20.Birds didn’t sing, or chirp or tweet in Clovis, but they made a sound, and when you heard it, you either lifted your face to the Stars while your heart filled with love, or you covered your ears and cried.
21.Apple trees used to grow fat and line up limb to limb across all of Penny orchard’s 30 acres until the night Bo left Lehigh.
22.Mother’s Day came like it always did, but this time April didn’t have lunch at the Bethlehem hotel.
23.Trash cans blew into the middle of the street and rolled around the yards and sidewalks like leaves swirled by an angry wind.
24.The lilacs that grew between us and the Taylors seemed to bloom overnight, scenting the morning with the sweet hope of spring.

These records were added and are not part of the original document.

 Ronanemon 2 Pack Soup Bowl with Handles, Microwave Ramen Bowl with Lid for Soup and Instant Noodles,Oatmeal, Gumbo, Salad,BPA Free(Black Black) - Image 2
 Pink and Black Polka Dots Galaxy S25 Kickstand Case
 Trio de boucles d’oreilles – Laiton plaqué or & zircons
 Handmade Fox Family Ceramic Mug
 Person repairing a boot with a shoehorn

25.The first green shoots poked from the dirt in the front yard.
Devin and Fran and the cottage in the Poconos would have survived, but the trees had been watching from the beginnings.
26. Mourning doves mate for life.
27. On my first day of second grade everyone in Ms. Link’s class had to say what animal they were most like and I, a fidgety child with a habit of storing treasures in my pockets, went with kangaroo.
28. Basements have a bad reputation.
29. One windless, still night, when sleep wouldn’t stick, I went for a walk.
30. I’d have an elephant for a pet if they were smaller.
31. Sherbet gets angry when I say this, since genetically modifying animals and plants is the most evil thing you could do in her book, but I would love it if someone could engineer a tiny elephant.
32. I’d never admit this to Sherbet, but in my Dad’s shed, I’m engineering a tiny elephant.
33. Last Christmas I nearly drowned in a puddle in Merchants Square.
34. It took Laura Zhang a week to try to drown me in the lake in the center of the Merchants Square model train village.
35. Rain against the roof used to help me fall asleep, until the night Pete escaped.
36. On summer nights, when the leaves grew thick on the tree outside my window, and the wind whipped, I’d hear a tap on my window and most of my brain knew what it was and ignored it, but a tiny rebellious faction of cells imagined something different.
37. Vanilla and warm sugar filling my house shouldn’t make me so irritable.
38. If Rebecca could have tasted truth the way she detected the spices in her food, Ametrine would still be greeting her at the Happy Hippo book store with a cheery, “What’s up Reba?”
39. My name is Aventurine Willis.
40. My ears perked at the sound of the text message jingle.